What you have here is a single scene, there isn't much there, because not a whole lot has happened. It's better that you write this much about one event, rather than something this short cramming in a bunch of events all at once.
I'd however, encourage you to become more comfortable with larger word counts. I think this story would greatly benefit if each chapter were a few thousand words each (that's less daunting than it sounds.) It gets easier with practice. Chapters usually are divided between story arcs or different sections of a story.
This is just a suggestion, but have you considered making an outline of your story? I tend to have an overall outline to a story, and then chapter outlines that list all the events of a chapter.
Louise and her mother are yelling at each other in the beginning, but you don't need to put their words in all caps to show this, exclamation points and simply saying that she yelled or screamed will suffice.
In both pieces of dialogue, you should have had an exclamation and a comma before the ending quotation mark.
Any time someone else speaks, you start a new paragraph. Having multiple people speak in the same paragraph can be taxing on the human brain.
'The smoky eye she had done made her green emerald eyes stick out' I'm not all that knowledgeable about make-up, seeing as I don't wear it, but I'm assuming 'smoky eye' is either blush, or eyeliner. I have no idea what it looks like, most readers who aren't familiar with it won't find this description meaningful.
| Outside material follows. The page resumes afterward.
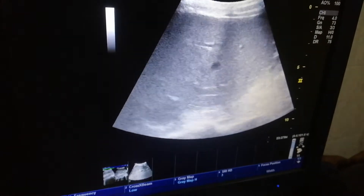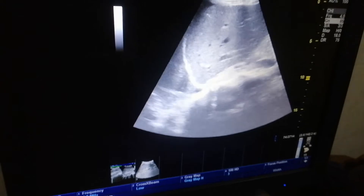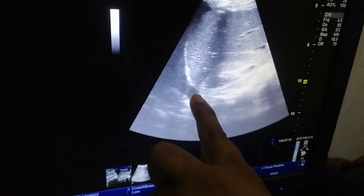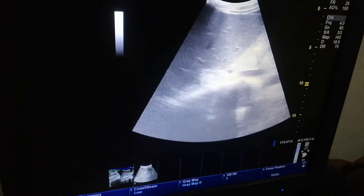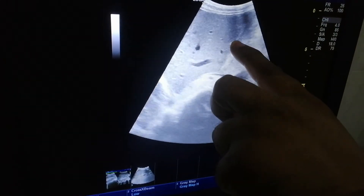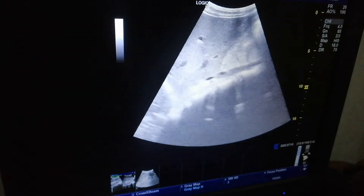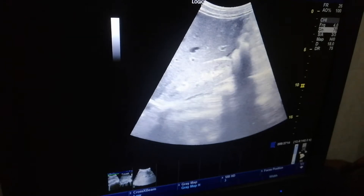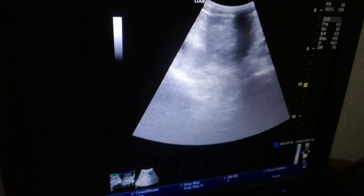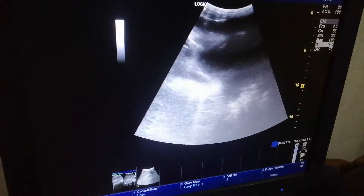There is mild pleural effusion on the right side. Typical appearance of the gallbladder — thick wall, edematous. The kidneys are also echogenic. There is moderate ascites.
'The blush made her green eyes stick out.' They're are probably better examples, but I think this works better than the previous sentence. I've also omitted the word "emerald." You've basically used two words to describe green eyes. Describing eyes as stones, metals instead of colors, or as orbs is usually a pet-peeve of many any the writing community, you see a lot of fan-fic authors do this, however.
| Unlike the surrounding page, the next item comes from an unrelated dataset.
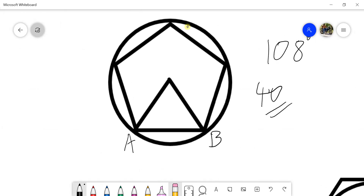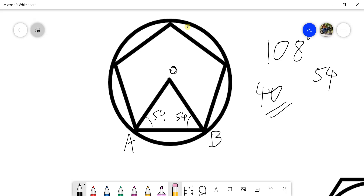The 108-degree angle gives 54 degrees on each side. Draw lines at 54 degrees from both ends of AB, and you will get a point O. Take OA as the radius and from O as the center, draw a circle. Then, using the distance AB as the radius, step off arcs around the circle. The intersection points give you the remaining vertices, and joining them gives you the required pentagon.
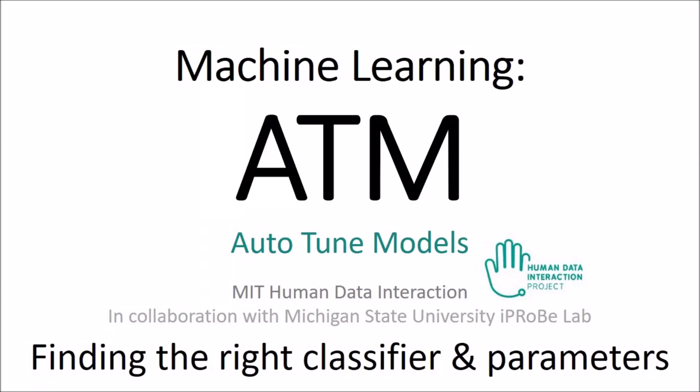Hi everybody. Today I wanted to share with you really quickly a great machine learning tool I discovered. It's called ATM, which stands for Auto Tune Models. It's brought to us by the fine folks at MIT in collaboration with Michigan State University.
This is probably more of a stylistic difference in opinion, but I think the paragraphs would be easier to read, and more suited to not being centered.
'Seeing his black wavy hair and his sky blue eyes made her get butterflies in her stomach'
I liked this sentence, until you get to the 'get' part. It should probably be replaced with 'have'. You could also completely restructure the sentence altogether to something like 'After seeing his black wavy hair and blue eyes, Louise had butterflies in her stomach."
If you noticed, I got rid of 'sky'. You've already told us that he has blue eyes, adding the extra adjective for 'blue' is more distracting than descriptive.
For the most part, I like how descriptive you are about things, many new writers-myself included, tend to err on the side of letting dialogue drive the story too much. There is a such a thing as too much description though, they call that 'purple prose', and it's much more distracting than useful.
I can nit-pick at grammar all day (even though mine isn't perfect), but I think I will leave it at that for now.
Overall, it's not a bad piece of writing for your first fan-fic. Keep it up, find ways to improve your writing each time and you'll be amazed and how much better you could be. It's just like everything else, the more you do it, the better at you you'll become.